Pruning is extremely important not only for aesthetic reasons, but also for the health of your plants and trees; the fact that there are so many different types of tree pruners only goes to underscore that fact. For the uninitiated, this multiplicity of tools may at first seem overwhelming; after all, how many different types of tools do you really need to trim a branch? And after all, does it really matter which one of them you choose, as long as it cuts? The truth is that yes, it does matter. It is important to use the right size, shape and strength tool depending on the size and type of leaf and branch that you need to cut; use shears that are too small and weak, and trimming branches can become a tug of war nightmare that is exhausting and damaging to your tree. If you’re confused about the purposes of different types of tree pruners, simply check out this handy glossary to find out which tool is right for which task.
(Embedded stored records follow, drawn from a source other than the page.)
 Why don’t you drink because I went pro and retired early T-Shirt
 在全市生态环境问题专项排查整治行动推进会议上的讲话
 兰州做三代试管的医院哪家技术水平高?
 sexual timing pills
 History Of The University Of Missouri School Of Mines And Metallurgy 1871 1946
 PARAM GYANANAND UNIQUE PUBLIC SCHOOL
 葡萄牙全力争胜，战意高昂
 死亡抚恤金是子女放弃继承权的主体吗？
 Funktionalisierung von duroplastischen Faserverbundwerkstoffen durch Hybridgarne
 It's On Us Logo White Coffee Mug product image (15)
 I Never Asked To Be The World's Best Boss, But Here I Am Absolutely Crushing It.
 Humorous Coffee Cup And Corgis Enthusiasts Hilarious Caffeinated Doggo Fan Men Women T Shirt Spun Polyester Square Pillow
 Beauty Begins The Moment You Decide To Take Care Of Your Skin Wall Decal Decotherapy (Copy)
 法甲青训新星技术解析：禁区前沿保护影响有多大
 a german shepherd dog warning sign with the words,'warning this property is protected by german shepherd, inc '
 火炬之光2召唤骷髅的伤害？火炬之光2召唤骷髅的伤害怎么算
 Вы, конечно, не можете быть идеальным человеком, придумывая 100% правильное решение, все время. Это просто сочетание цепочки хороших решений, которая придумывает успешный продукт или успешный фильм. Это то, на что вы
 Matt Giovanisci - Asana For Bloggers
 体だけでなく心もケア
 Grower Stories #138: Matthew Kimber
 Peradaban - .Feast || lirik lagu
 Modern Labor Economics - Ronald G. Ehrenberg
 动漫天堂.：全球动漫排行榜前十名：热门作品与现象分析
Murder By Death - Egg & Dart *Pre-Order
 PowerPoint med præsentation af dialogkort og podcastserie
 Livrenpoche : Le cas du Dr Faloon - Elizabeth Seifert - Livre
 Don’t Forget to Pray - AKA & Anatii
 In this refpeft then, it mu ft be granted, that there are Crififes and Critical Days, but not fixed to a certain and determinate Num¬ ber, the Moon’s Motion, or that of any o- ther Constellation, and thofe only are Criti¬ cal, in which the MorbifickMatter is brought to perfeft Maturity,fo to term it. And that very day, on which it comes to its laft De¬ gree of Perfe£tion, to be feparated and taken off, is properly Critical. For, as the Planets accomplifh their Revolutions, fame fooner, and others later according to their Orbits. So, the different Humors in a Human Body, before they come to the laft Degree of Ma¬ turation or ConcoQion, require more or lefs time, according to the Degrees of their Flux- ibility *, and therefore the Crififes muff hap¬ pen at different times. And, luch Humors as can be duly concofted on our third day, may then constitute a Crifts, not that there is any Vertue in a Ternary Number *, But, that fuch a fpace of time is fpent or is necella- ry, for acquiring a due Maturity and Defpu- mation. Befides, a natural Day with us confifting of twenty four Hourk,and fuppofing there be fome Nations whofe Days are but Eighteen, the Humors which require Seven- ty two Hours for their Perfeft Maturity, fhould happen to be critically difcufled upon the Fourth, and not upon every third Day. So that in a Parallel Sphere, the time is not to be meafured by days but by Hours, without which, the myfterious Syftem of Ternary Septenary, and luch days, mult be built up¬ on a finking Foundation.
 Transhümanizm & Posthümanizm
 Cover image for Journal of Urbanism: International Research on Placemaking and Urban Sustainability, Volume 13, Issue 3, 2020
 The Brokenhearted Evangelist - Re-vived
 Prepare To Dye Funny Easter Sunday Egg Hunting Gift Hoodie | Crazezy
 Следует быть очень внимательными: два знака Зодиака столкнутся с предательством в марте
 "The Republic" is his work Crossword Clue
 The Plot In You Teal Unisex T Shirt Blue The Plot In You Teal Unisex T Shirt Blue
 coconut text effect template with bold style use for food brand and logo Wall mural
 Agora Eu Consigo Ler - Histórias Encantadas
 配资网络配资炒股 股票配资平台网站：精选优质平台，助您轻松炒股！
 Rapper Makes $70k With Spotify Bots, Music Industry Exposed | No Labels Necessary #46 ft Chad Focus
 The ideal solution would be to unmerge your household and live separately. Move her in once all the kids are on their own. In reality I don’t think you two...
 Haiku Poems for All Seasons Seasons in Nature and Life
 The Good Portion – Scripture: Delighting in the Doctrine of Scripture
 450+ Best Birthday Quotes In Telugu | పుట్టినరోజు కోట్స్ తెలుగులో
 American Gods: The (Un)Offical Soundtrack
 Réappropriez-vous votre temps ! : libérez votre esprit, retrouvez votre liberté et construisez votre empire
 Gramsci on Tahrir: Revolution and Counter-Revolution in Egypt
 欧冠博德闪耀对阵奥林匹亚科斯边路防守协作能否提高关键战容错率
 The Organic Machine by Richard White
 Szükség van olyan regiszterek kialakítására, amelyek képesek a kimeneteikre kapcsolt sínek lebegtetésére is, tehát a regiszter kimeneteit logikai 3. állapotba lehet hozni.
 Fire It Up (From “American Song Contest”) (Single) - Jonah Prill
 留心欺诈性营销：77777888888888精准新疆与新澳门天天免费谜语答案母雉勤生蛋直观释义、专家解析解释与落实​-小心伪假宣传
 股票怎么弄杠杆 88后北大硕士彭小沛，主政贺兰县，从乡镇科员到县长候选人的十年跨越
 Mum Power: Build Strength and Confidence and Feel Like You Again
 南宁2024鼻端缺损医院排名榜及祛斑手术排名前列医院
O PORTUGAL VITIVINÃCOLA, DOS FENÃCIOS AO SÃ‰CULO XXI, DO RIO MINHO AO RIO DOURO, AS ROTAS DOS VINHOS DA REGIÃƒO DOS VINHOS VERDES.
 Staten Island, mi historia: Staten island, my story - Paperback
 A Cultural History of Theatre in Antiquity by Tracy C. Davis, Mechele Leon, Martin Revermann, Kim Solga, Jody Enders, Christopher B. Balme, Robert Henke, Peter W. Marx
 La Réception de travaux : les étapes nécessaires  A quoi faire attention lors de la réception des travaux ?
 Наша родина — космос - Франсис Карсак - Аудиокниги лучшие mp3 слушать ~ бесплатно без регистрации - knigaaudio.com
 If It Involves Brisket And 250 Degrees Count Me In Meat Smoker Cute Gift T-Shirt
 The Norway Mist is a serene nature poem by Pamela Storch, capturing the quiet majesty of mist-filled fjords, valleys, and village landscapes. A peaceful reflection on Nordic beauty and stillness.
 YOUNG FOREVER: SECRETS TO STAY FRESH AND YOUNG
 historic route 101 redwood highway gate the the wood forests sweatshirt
Tree Pruner 1: Pruning Shears
Pruning shears are probably the most common tool in the average gardener’s kit. The pruning shear is a relatively small, hand-held cutter that has two handles that are gripped in one hand (like a wrench) and has two cutting blades. While there are different types of pruning shears, none of them are intended to cut anything larger than about ½ inch thick. Therefore, when pruning your trees, use shears to trim twigs, offshoots, sick leaves or thin branches. They are also best for very fine grooming type work on manicured hedges and shrubs.
The most common types of pruning shears include the scissor-action type, the anvil-action type, the bypass shear and the parrot-beak shear. Anvil shears are the strongest and the best for cutting branches.
Tree Pruner 2: Loppers
The next step up in size is the lopper. These look like a very large pair of shears, with double blades and a long double handle, but have to be operated with two hands. Like pruning shears, loppers also come in a bypass model and an anvil model. A quality lopper can cut through branches that measure 2 inches in diameter or even more, depending on the strength, flexibility and porosity of the wood. If you have a lot of trees on your property, it’s good to have loppers handy to take care of stray branches and trim away decay. They can handle the tough stuff that pruning shears can’t cut.
Tree Pruner 3: Pole Pruners
Finally, the toughest of the tree pruners has got to be the pole pruner. Like its name suggests, this is a type of pruner that is on the end of a long pole and is operated with a control rope. It allows you to reach high up on the tree and do your trimming work without having to get on a ladder. The pole pruner should only be used by the serious gardener or arborist, because it’s a bit more dangerous to use: its blades are much sharper than pruning shears or loppers, and there’s also the danger of branches falling on top of you while you’re using it.